The cluster analysis was conducted using the UPGMA method to determine the genetic diversity among 65 wheat genotypes. The genotypes were classified into 3 groups such as cluster I, II, an III, which was consistent with the findings (Wang et al., 2017). Many scientists have implemented these strategies in wheat breeding schemes and have achieved informative results (Tsonev et al., 2021; Zatybekov et al., 2021; Ahmed et al., 2017; Salehi et al., 2018). In this study, the observed cluster III with genotypes G3 (P3-2-2-P9), G23 (P3-18-10-P15) and G61 (BARI Gom-30) exhibited a greater genetic divergence in comparison to the remaining two groups. The individuals within this cluster had a higher degree of dissimilarity compared to the other two cluster members.

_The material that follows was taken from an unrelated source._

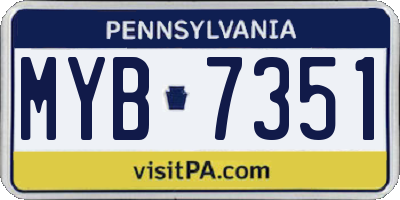 PA license plate MYB7351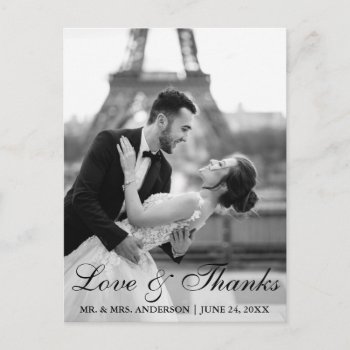 Elegant And Modern Wedding Photo Love And Thanks Postcard by HappyMemoriesPaperCo at Zazzle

The genotypes within this cluster exhibited greater genetic diversity compared to the genotypes within other clusters. A group researcher classified 20 Egyptian wheat landraces and two cultivars based on 10 SSR markers into four clusters based on the UPGMA method for genetic diversity analysis and clearly revealed the significant molecular diversity of the Egyptian wheat landraces and cultivars (Al-Naggar et al., 2020). Based on the degree of diversity, the UPGMA analysis can result in the formation of two clusters or four clusters (El-Bakatoushi, 2019; Haque et al., 2021). Furthermore, genetic diversity studies have indicated as many as 9 clusters and 13 clusters (Naceur et al., 2012; Schuster et al., 2009).

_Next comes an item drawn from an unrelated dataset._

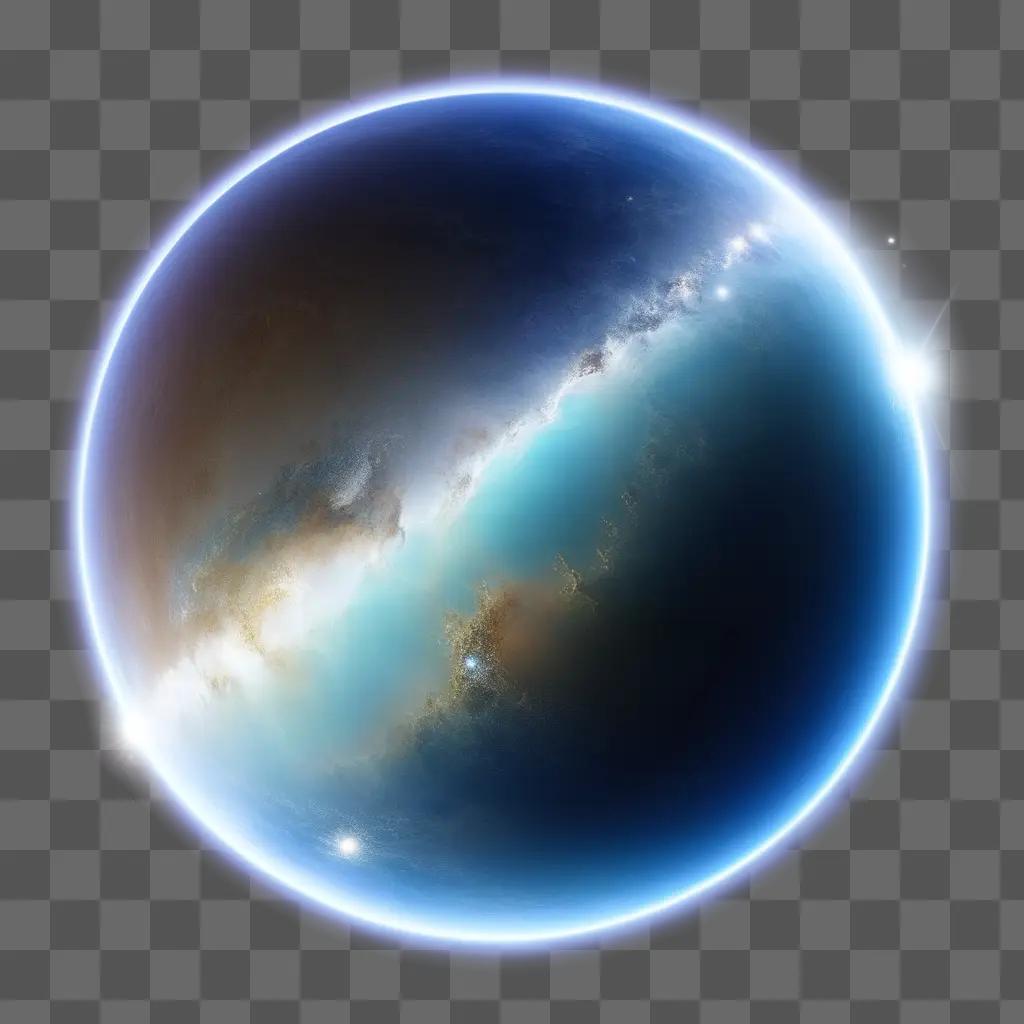 planet with a blue and white sky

The PCA has considerable importance in the selection phase of molecular breeding projects. PC1 and PC2 had a greater degree of variation, exceeding 25%. Utilising the higher variation (>25%) in conjunction with cluster analysis can be employed to identify appropriate and correlated genotypes. A group researcher found that the first three principal components (PC1-PC3) had eigen-values greater than 1 (Ali et al., 2019). These components accounted for individual variance values of 30.93%, 18.44%, and 17.84%, respectively. Together, they explained 67.21% of the cumulative variation in grain yield. The initial two principal components (PCs) were graphed on PC axis 1 and 2, revealing significant diversity among the current wheat lines and control samples. Some researcher utilised a Pearson-based PC1 and PC2 biplot to project genotypes in three subpopulations of spring wheat (Sajjad et al., 2018). The structure analysis revealed three distinct sub-populations, which were also differentiated based on the first two principal components. This finding is consistent with the results reported (Tascioglu et al., 2016).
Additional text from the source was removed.